Does Japanese contain basic English grammar rules?

I mean rules like “ar” “or” “sh” and “ou” you know just to figure out how I should pronounce some words that line up to form these in hiragana or katakana

5 comments
  1. Can you give a concrete example of what you are asking about?

    Japanese does not have the English letter “r” or the sound that it represents. It has letters like ろ that represent a different sound that does not exist in English, but for convenience it is [romanized](https://en.wikipedia.org/wiki/Romanization_of_Japanese) as “ro”.

    Similarly, the Japanese し has a sound similar but not identical to English “sh”.

    English doesn’t really have rules for how letters sound. For example, “ou” makes 4 different sounds in “shout”, “should”, “soup”, and “young”. Hiragana and katakana actually do follow simple pronunciation rules… mostly. (There are a few exceptions, but not nearly as many as English.)

    Just learn how Japanese pronunciation and writing work, and don’t expect them to have the same quirks as English spelling.

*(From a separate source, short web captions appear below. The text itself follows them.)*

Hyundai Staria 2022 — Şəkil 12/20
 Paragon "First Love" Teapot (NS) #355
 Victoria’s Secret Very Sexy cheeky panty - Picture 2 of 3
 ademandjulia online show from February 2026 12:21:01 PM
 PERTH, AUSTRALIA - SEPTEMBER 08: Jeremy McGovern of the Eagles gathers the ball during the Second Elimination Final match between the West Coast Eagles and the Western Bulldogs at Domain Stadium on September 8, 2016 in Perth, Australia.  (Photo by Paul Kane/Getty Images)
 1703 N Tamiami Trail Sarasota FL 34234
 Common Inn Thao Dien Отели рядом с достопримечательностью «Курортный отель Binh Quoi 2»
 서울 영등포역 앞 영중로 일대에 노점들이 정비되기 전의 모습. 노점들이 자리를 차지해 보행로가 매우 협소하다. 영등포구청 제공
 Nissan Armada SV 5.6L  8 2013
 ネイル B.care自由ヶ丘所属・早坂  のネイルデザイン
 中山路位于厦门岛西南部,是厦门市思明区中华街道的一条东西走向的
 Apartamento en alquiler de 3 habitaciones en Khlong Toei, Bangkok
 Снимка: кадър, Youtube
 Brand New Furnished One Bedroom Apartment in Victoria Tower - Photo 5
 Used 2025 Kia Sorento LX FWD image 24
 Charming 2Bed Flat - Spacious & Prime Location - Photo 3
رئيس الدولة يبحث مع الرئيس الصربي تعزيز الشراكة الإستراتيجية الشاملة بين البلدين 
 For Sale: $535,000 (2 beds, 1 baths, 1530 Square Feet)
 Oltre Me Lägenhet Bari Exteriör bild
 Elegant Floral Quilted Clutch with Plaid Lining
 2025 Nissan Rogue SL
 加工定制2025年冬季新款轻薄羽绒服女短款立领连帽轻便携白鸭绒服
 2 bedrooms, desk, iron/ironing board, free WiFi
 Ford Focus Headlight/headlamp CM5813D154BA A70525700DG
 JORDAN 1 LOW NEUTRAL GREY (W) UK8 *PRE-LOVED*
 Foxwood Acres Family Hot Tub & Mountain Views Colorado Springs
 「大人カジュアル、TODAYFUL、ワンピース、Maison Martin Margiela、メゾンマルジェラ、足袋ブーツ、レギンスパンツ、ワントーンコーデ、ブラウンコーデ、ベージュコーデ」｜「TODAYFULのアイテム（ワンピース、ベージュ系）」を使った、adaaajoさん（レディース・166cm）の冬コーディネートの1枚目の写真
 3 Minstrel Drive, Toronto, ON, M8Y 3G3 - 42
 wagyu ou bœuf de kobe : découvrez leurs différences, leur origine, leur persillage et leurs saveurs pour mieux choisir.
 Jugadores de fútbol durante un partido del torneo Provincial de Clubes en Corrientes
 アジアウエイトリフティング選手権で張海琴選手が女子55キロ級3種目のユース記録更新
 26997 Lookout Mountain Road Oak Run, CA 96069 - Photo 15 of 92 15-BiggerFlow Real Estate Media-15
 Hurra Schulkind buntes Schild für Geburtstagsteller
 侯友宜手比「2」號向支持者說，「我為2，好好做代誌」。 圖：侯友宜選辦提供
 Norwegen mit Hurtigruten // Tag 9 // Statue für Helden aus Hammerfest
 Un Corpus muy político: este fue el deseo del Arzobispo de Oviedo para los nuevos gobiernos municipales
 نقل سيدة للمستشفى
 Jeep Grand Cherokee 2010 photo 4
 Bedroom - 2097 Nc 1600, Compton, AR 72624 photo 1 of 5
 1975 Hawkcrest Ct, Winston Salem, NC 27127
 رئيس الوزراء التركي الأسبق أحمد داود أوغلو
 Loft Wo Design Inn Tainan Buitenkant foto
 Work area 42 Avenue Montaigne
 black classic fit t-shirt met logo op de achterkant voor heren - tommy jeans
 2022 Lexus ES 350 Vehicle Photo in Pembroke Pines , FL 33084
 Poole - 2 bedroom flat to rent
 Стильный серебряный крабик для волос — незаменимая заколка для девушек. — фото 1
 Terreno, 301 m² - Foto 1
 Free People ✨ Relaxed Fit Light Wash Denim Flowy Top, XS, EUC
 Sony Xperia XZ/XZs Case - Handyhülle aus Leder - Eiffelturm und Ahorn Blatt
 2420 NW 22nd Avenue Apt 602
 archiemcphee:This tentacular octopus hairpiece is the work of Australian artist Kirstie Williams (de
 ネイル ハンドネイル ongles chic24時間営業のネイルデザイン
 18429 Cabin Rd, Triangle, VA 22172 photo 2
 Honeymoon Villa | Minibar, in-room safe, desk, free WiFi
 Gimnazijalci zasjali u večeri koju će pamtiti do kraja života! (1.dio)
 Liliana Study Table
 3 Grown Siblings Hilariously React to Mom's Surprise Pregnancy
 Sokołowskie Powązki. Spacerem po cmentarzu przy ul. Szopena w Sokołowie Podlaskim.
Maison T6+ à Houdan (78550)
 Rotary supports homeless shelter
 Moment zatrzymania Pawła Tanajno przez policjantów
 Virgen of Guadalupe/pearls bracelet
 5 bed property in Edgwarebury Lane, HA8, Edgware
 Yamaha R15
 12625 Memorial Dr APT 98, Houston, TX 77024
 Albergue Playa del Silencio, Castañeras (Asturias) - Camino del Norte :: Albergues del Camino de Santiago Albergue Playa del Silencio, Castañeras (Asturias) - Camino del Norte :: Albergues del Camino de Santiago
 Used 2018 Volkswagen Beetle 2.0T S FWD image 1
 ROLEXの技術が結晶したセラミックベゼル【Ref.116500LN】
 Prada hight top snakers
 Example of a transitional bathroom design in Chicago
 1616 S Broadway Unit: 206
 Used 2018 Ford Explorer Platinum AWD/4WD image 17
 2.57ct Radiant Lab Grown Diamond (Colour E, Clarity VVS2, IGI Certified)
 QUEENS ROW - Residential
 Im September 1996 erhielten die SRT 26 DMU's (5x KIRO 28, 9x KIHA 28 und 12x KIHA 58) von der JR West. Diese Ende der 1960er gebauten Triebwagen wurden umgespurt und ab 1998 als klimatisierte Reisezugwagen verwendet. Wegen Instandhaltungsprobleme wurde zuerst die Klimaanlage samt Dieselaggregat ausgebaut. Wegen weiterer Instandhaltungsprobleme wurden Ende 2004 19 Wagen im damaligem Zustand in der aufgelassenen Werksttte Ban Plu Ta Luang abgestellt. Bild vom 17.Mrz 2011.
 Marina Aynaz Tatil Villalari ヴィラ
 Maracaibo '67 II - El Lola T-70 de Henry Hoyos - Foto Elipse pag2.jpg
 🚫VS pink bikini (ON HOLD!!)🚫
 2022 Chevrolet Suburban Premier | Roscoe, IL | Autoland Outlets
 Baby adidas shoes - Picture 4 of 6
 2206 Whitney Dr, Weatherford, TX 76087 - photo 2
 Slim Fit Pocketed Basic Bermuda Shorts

  2. I get the impression you’re looking for pronunciation, not grammar. Try looking up ‘devoicing Japanese’ & maybe some general Kana pronunciation guides. Learn what Mora are and how they interact.

  3. Japanese has grammar which is completely different than English.

    There are common elements, such as both have adverbs, verbs, nouns, adjectives, both have sentences, both have quotes, and so on, but generally speaking the grammar is, again, completely different.